Salut à toutes et à tous,
Six épisodes durant, nous avons suivi le fil :
Reste la question que ces articles posent à chaque fois : et nous, dans tout ça ?
Pas d'injonction, comme toujours. Je me permets deux invitations tout de même :
Le premier : entrez votre adresse (ou celle de vos proches) sur Géorisques, et vous saurez en deux minutes si le terrain est soumis aux obligations de débroussaillement.
Si oui, le bon moment n'est pas l'été (débroussailler en juillet allume des feux, un homme en est mort cette année, le mégafeu en serait issu) mais l'automne. L'écologue Philippe Grandcolas le formule joliment : comme on regarde avant de traverser même quand la rue est silencieuse, “quand on vit dans une zone où il y a un risque de feu, on débroussaille et on doit en être heureux, quelque part”.Le second, si vous vivez dans une zone sujette aux feux de forêt : demandez à votre mairie où en est le plan de massif. Le simple fait que la question soit posée, souvent, la fait exister.
Une bascule, ensuite, que le climatologue Christophe Cassou a dite sur France Culture mieux que personne :
2003 nous avait appris que la chaleur tue, et nous avons su y répondre par des plans qui sauvent des vies ; 2026 “questionne l'habitabilité des territoires, […] notre capacité à vivre dans des environnements, dans des territoires qui sont sûrs pour soi, pour sa famille, dans un tissu social, un tissu économique, un tissu culturel qui est possible et qui est prospère”.
Si ce blog s'appelle Zone Habitable, c'est très exactement pour cette question-là.
Entre eux, les climatologues se parlent : “tout le monde est dépité, tout le monde est écœuré, tout le monde est inquiet” mais déterminé, “parce qu'en fait on n'a pas le choix”.
Et ce que la parole seule ne créera pas, Cassou le nomme : “un nouveau souffle démocratique”, un “projet de vivre ensemble”.
Et une question, que pose le géographe Arthur Guérin-Turcq et que je vous laisse : les 220 000 évacués du Bordelais “ont-ils conscience d'être des déplacés climatiques” ?
Ces moments de crise peuvent faire commun et repolitiser ; souvent, hélas, la désinformation, l'oubli et le déni succèdent à l'effroi.

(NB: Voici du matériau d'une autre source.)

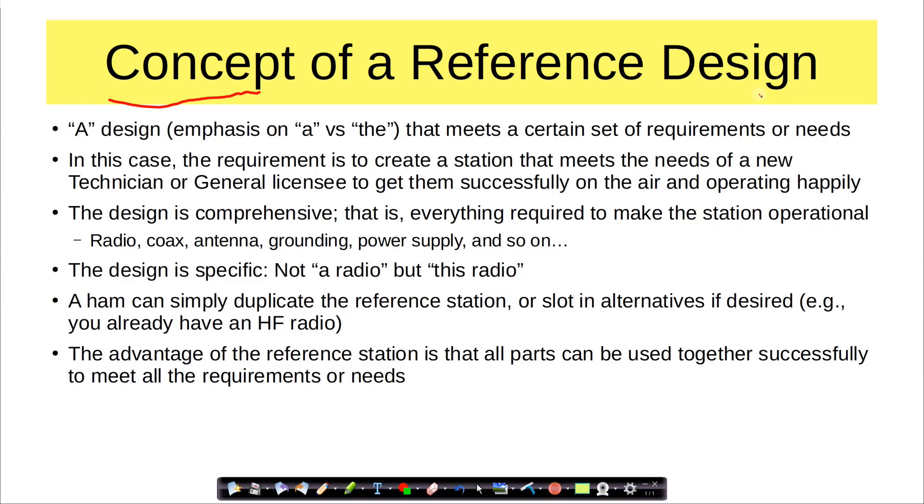I mentioned earlier I'm going to pick the ICOM 7300. So when getting on FT8, we'll use that radio. When practicing net behavior, we'll use that radio. When the design is very specific, a ham can simply duplicate the reference station — that's the easiest thing to do — or slot in alternatives if desired. For example, if you already have an HF radio that you really like, fine, keep on using it. But remember, I will be making all of my examples with the reference station design. The radios these days are so good, you shouldn't have any trouble either way.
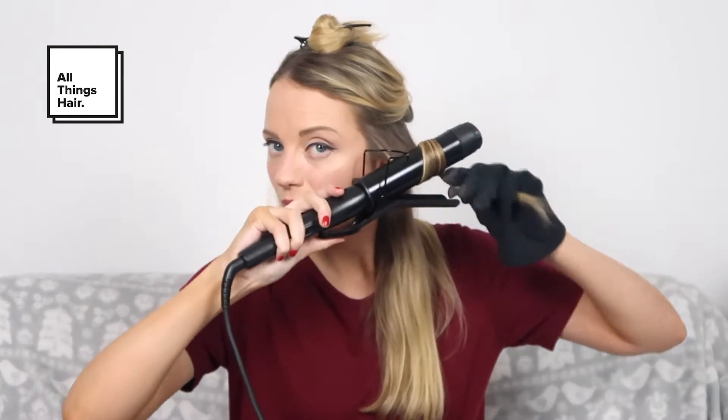As you can see there's lots of volume, so it's time to add the curls. To help recreate this 2000s curly hair look, I'm going to be using a curling iron. I've divided my hair into 3 sections and I'm going to curl each one. This is a great party hairstyle for long or medium hair.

Ce choix-là nous appartient aussi.
Nos pompiers ont tenu.
Nos scientifiques ont livré les chiffres, les cartes, les attributions, parfois dans la semaine.
Les Français, dans leur grande majorité, restent favorables à des actions fortes contre le changement climatique et attendent de l'État qu'il accélère, mesure l'ADEME année après année.
Il ne manque qu'une chose, et elle ne coûte rien : une parole qui nomme, et le projet commun qu'elle ouvrirait.
Cassou, encore lui, le raconte mieux que je ne saurais le faire :
il s'agit de “faire l'inventaire de ce que l'on veut garder et ce à quoi on peut ou doit renoncer, non pas dans la privation mais au final pour plus de sécurité, prospérité, solidarité, dignité, justice et bien-être pour toutes et tous.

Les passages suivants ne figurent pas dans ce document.